Member of the Oklahoma Senate from the 11th district
- In office 1922–1926
- Preceded by: M. F. Ingraham
- Succeeded by: Fletcher Jones

Personal details
- Born: 1859 Bedfordshire, England, U.K.
- Died: 1938 (aged 78–79)
- Citizenship: British American
- Party: Democratic Party
- Children: 9, including Ray C. Jones

= Harry Jones (Oklahoma politician) =

Harry Jones was an American politician who served in the Oklahoma Senate representing the 11th district from 1922 to 1926. He was the father of Ray C. Jones.

==Biography==
Harry Jones was born in Bedfordshire in about 1859. He started working as a baker in about 1870 and briefly served in the British Army. He moved to the United States when he was eighteen in 1877 and eventually settled in Yale, Indian Territory. He later became the director of the First National Bank of Stillwater and was elected to the Oklahoma Senate in 1922.
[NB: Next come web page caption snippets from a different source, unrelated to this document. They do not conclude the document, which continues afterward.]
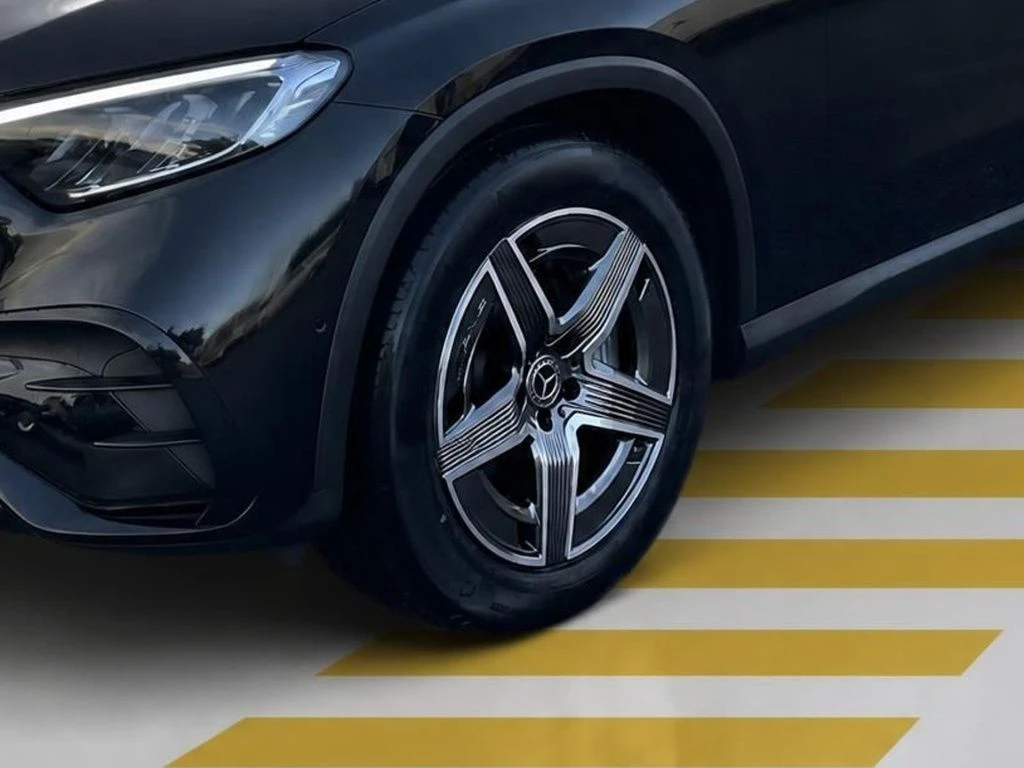 Mercedes-Benz-GLC 300 d-image-5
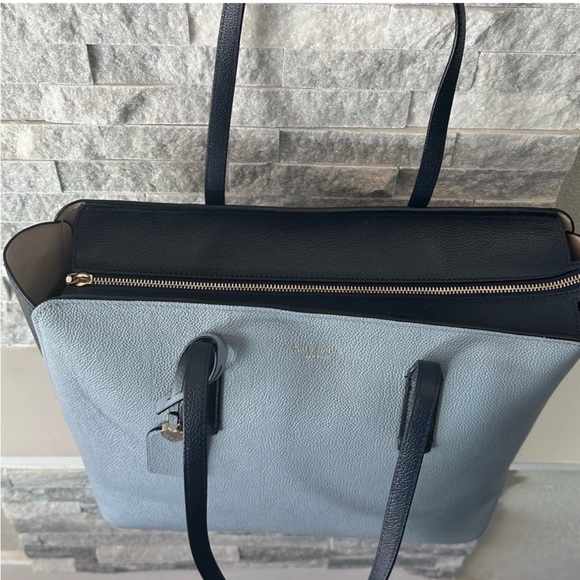 Kate Spade New York
MARGAUX LARGE TOTE - Picture 4 of 16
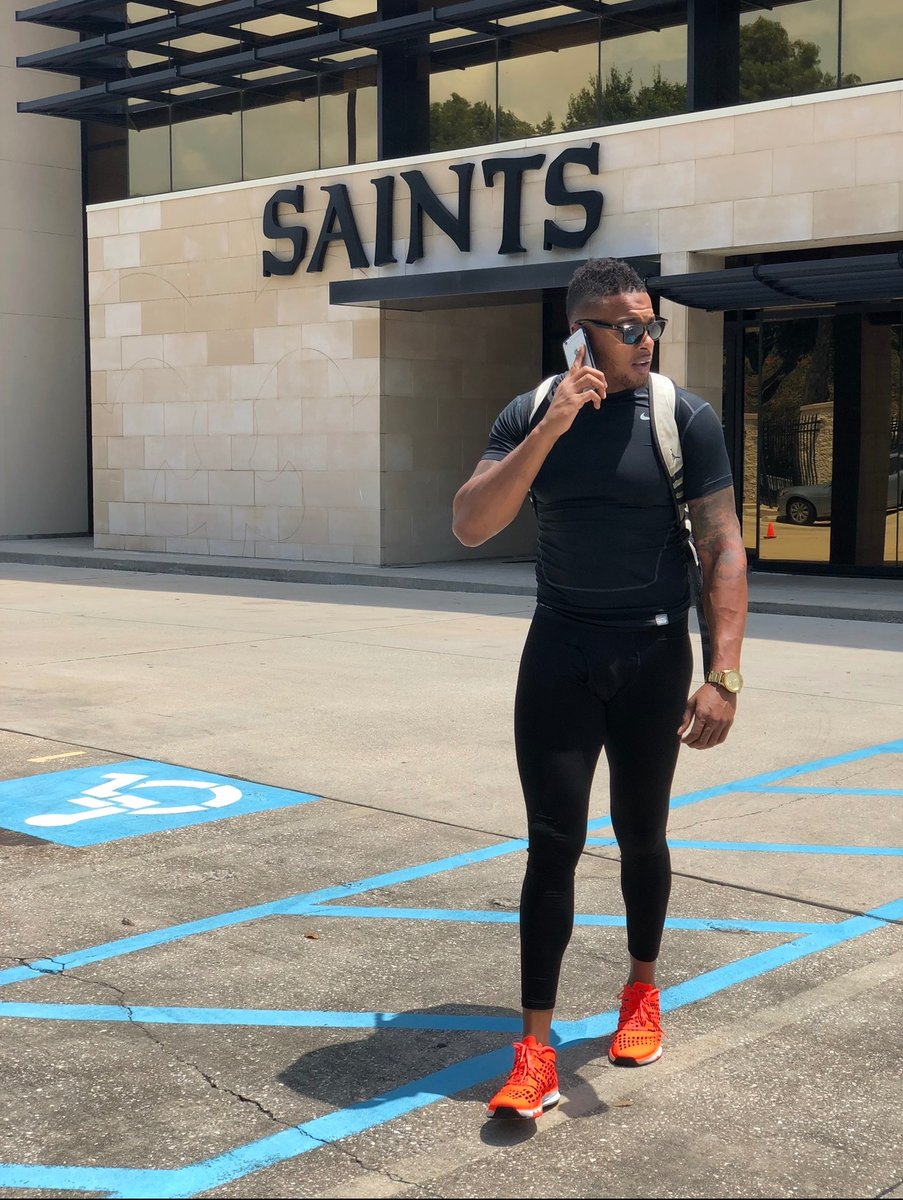 Wes_Saunders88's tweet photo. Me outside the @Saints  facility after I thought the ‘open tryout’ was foreal 🫠🏈 lol 
“Hello? Can I speak to Gayle Benson please? Tell her Big Wes is outside.”📱😂

#NFL #hoax #fakenews #neworleans #saints #freeagent #whynotWes #TightEnd https://t.co/JvyFjQ0ZCl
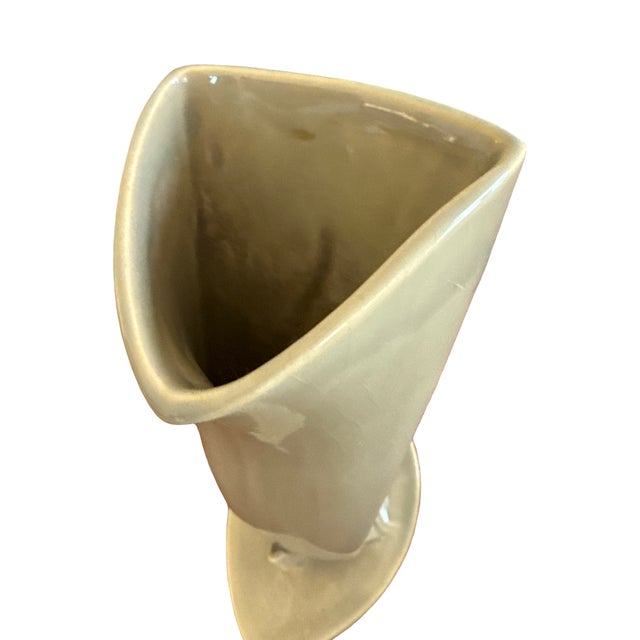 1950s 1952 Roseville Mayfair 1004-9 Sculptural Art Pottery Vase in Warm Taupe Glaze For Sale - Image 5 of 7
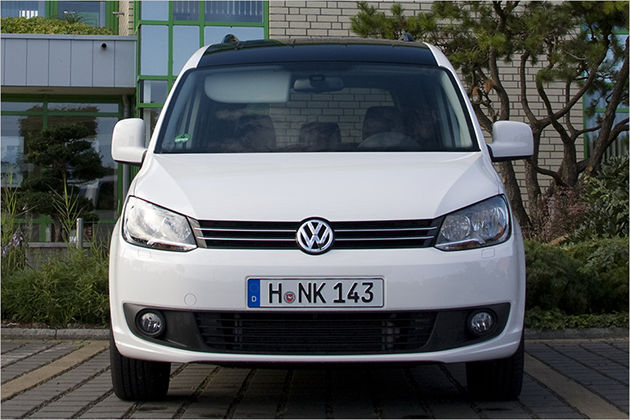 Panik in der Autobahn-Baustelle? So breit sind unsere Autos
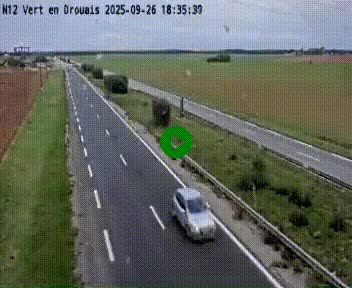 <h2>Webcam à hauteur de Vert-en-Drouais sur la N12, en périphérie de Dreux. Vue orientée vers Alençon</h2>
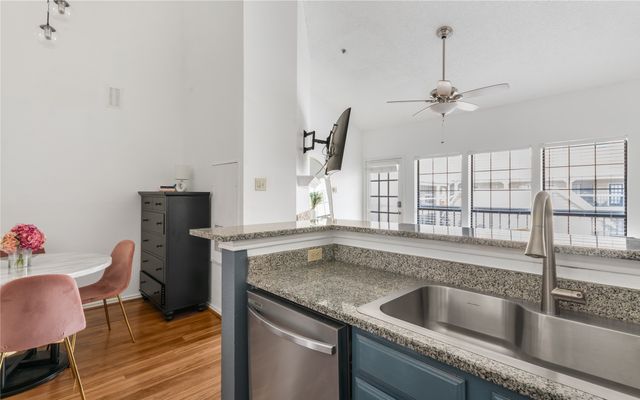 4800 W Lovers Lane 312, Dallas, TX 75209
He served in the Oklahoma Senate as a member of the Democratic Party representing the 11th district from 1922 to 1926. He was preceded in office by M. F. Ingraham and succeeded in office by Fletcher Jones.

In 1930 he was elected to the Stillwater, Oklahoma, city council. He served on the council, including three terms as mayor, until his death in 1938.